§ Task details:
Copy the material below verbatim from the line with "Fromage blanc, Noix" to the line with "Luxurious women's pavé", both lines included, omitting pictures and every line outside that range.

§ Data provided:
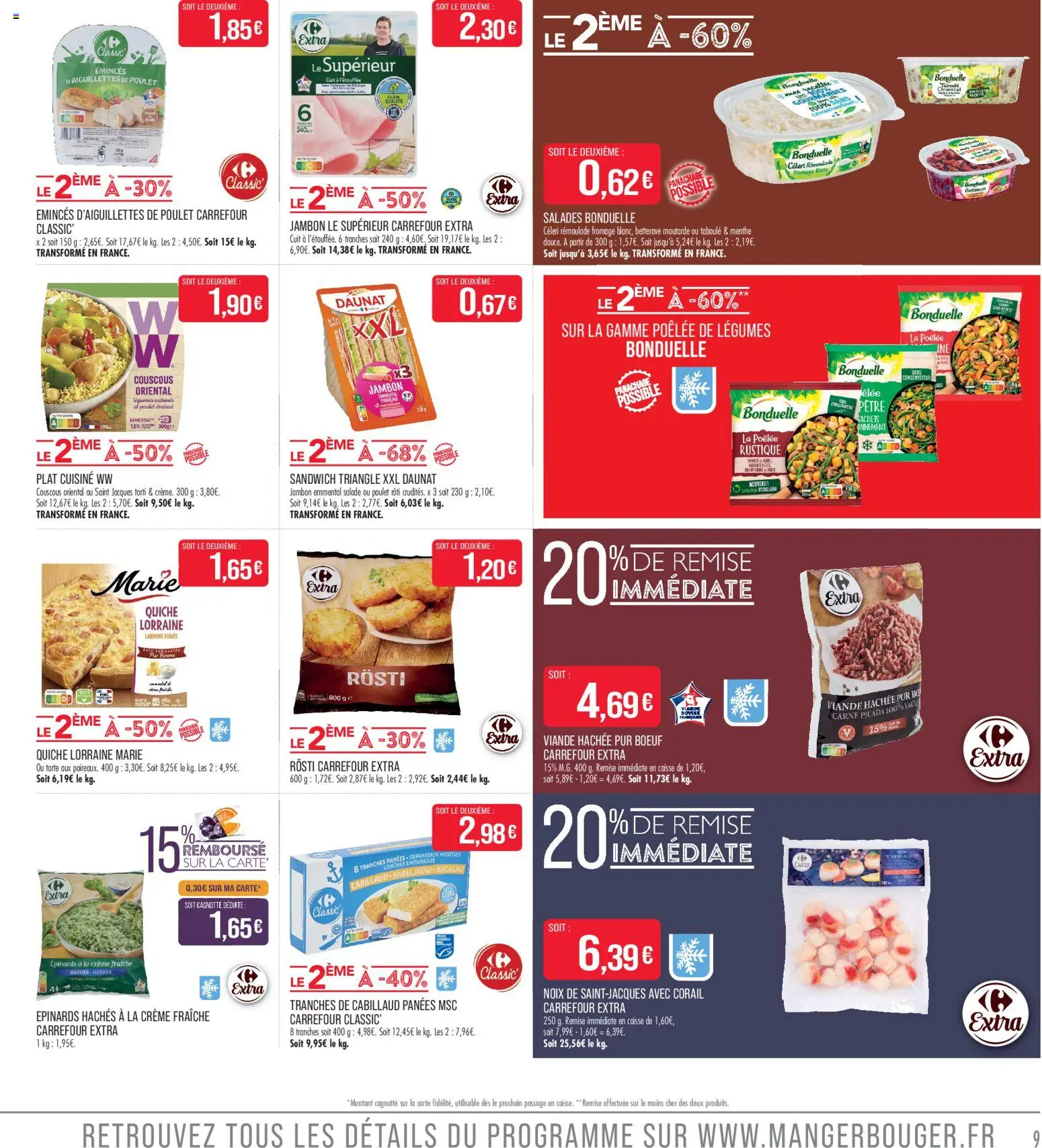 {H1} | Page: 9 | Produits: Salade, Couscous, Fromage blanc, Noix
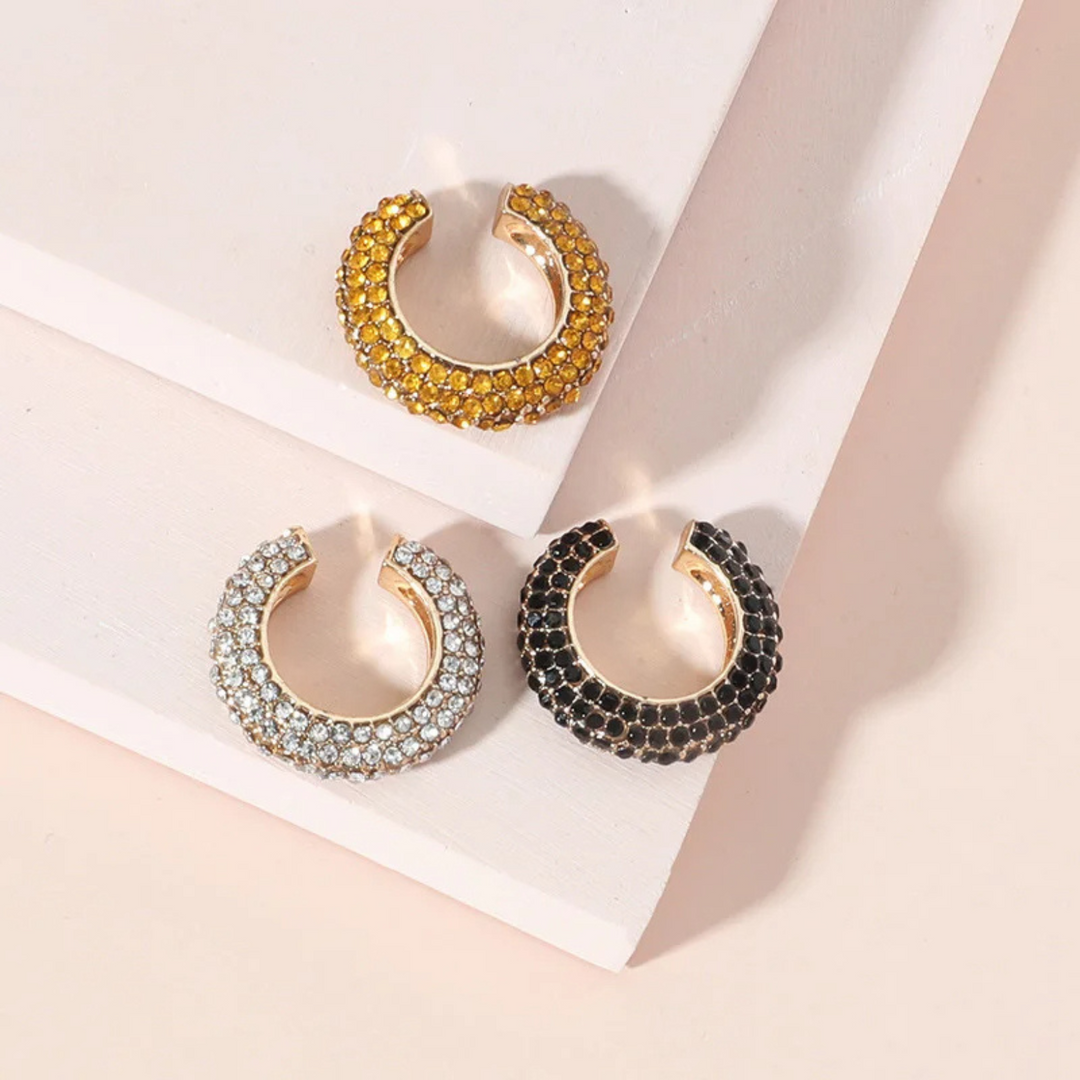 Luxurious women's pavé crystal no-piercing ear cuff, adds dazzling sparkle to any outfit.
--
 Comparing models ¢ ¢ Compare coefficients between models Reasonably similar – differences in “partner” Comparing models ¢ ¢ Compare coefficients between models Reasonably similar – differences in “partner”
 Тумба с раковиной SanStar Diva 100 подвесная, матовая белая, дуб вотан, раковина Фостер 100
==
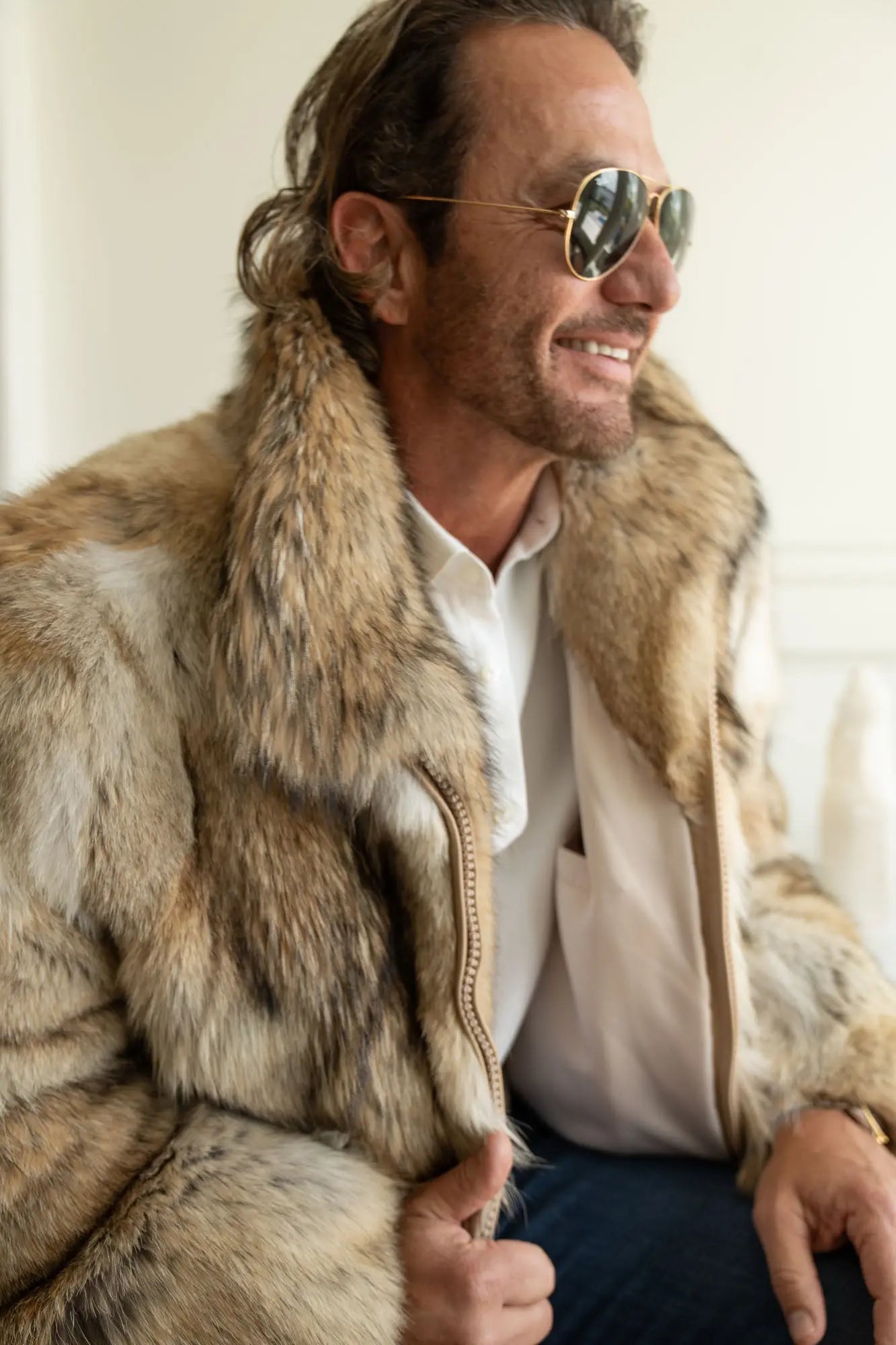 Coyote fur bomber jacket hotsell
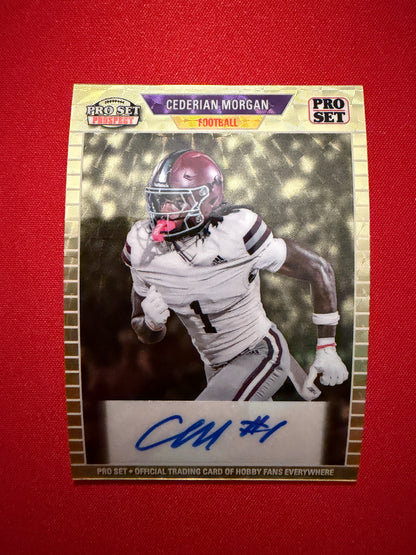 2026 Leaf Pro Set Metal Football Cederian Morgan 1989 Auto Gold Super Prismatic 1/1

§ Answer section:
 {H1} | Page: 9 | Produits: Salade, Couscous, Fromage blanc, Noix
 Luxurious women's pavé crystal no-piercing ear cuff, adds dazzling sparkle to any outfit.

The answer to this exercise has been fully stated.